Review by Wallace Wyss

When they throw around that phrase "pioneer in the auto industry" you can hardly get more pioneering in design than Harley Earl, not only a giant in the industry in America but at 6'6" a giant of a man. America’s car industry developed differently from that in Europe, England and Japan. We got hooked early on the three-year model change, what came to be called “Planned Obsolescence” and this book is about the genius that invented that. 

Before Earl came along, engineers developed a car and little thought was given toward making attractive shapes. Designers were thought of as "sissies" and engineers commanded the look of the product.

This book is not only about Harley Earl but there’s a good bit of Earl family history before you get to the auto business, such as how Earl’s forbearers were actual pioneers in that they came to California from the East in a covered wagon, enduring attacks by wild Indians and the like.
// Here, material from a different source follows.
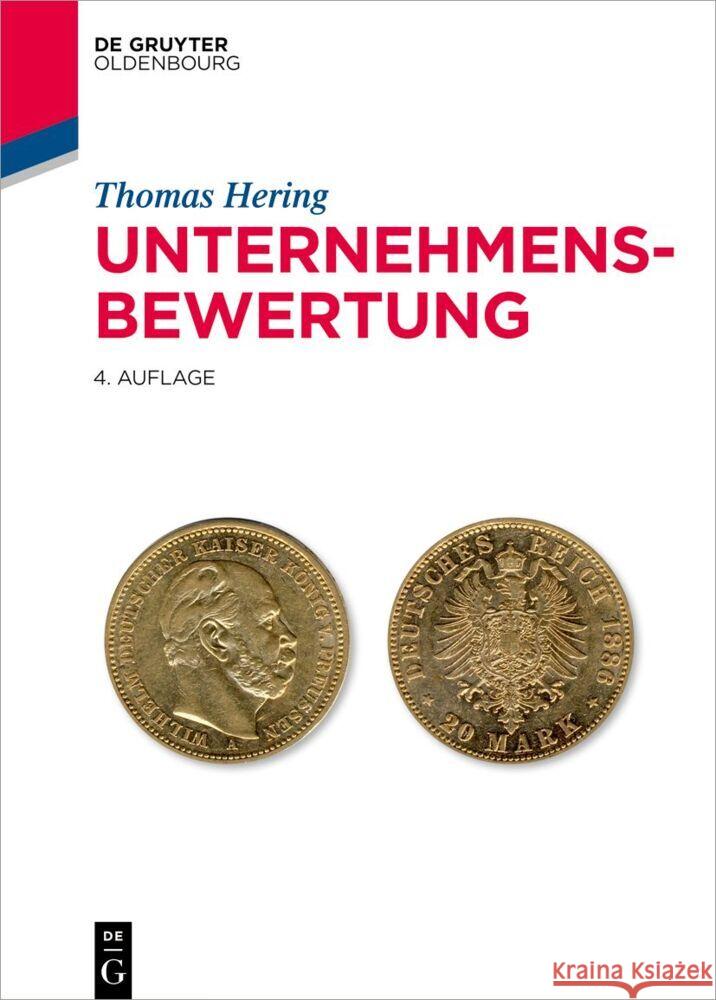 Unternehmensbewertung Thomas Hering 9783110738865 Walter de Gruyter - książka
Earl’s first business was joining his father making custom wagons in the center of Hollywood, CA just as the movie business was born. When cars came along, he and his father would make custom cars for movie stars. Out in Detroit, they heard about him and a founder of GM, Alfred Sloan, came out, interviewed him and hired him to be GM’s first director of styling, a position which did not previously exist in Detroit.
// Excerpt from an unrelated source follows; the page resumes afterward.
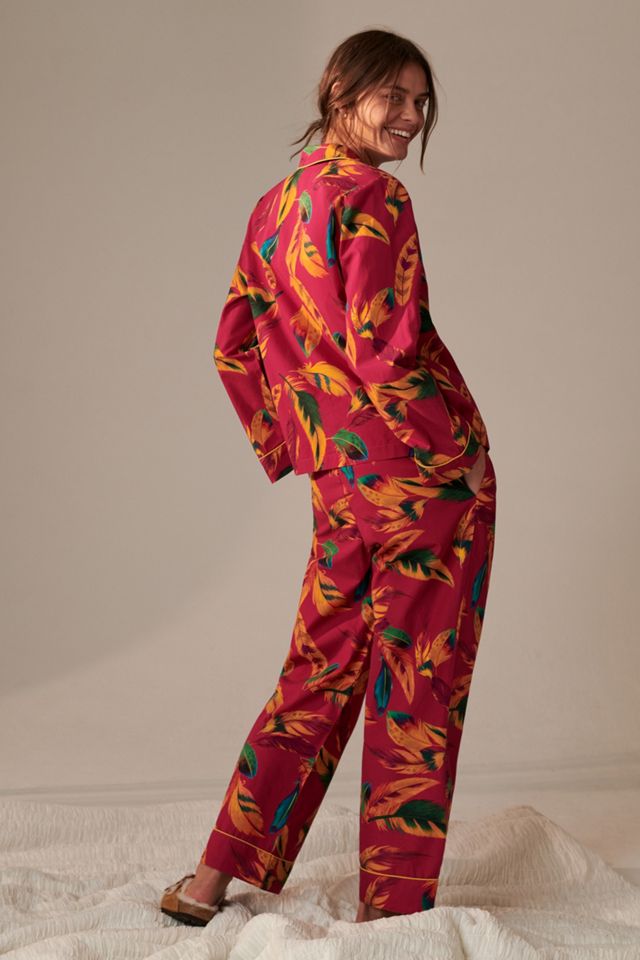 Farm Rio Feather Pajama Set #2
Earl liked airplanes so much, two of the three Firebrid gas turbine cars were more like planes than cars.

Of course, picking colors for cars, materials and body shapes seemed sort of “sissy” to many in the auto industry but when Earl's choices began to result in booming sales, the critics were quiet. The statistics in the book are astounding. GM quickly passed Ford because Henry Ford was still making Model T’s and still offering them in one color: black. Once GM began to offer different colors and choices in interiors, they began to dominate the American auto industry, leaving Ford in the dust.
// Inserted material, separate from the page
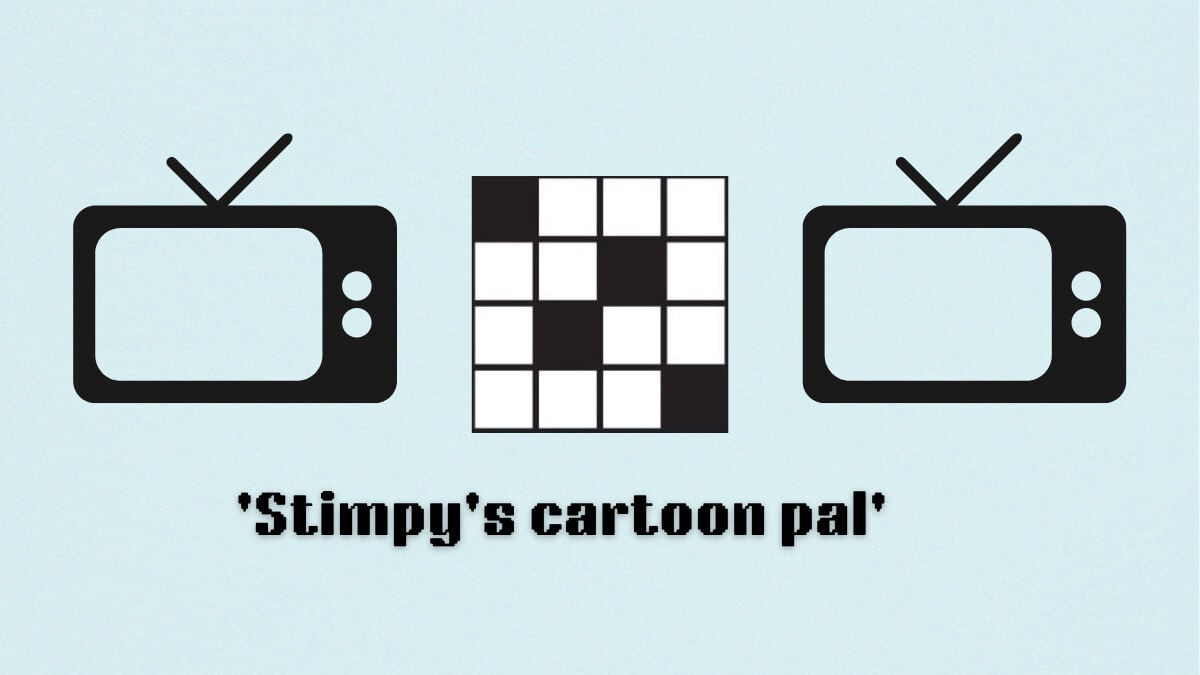 Stimpy's cartoon pal clue for Aug. 10 NYT mini crossword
Harley Earl comes across as a real personality. He was said to be a real martinet in clothing choices, having hung out, in the early days, with Hollywood show biz folk like Douglas Fairbanks and Tom Mix, customers for his custom cars.

The author portrays Harley Earl as an autocratic purveyor of taste, and you wonder, must all famous names in design have an ego so big in order to succeed?

One example from the book that stands out is that GM’s first styling chief – going back to 1927 – forbid any other designer from GM being mentioned in connection with styling, it was all Mr. Earl. 

Still, you have to admit that Earl created car marketing as we know it in America with instituting styling changes every three years. Consumers couldn’t wait to trade in their old car to get the latest styling and I admit I was one of them, gotta have the latest because the tail fin is six inches higher, right?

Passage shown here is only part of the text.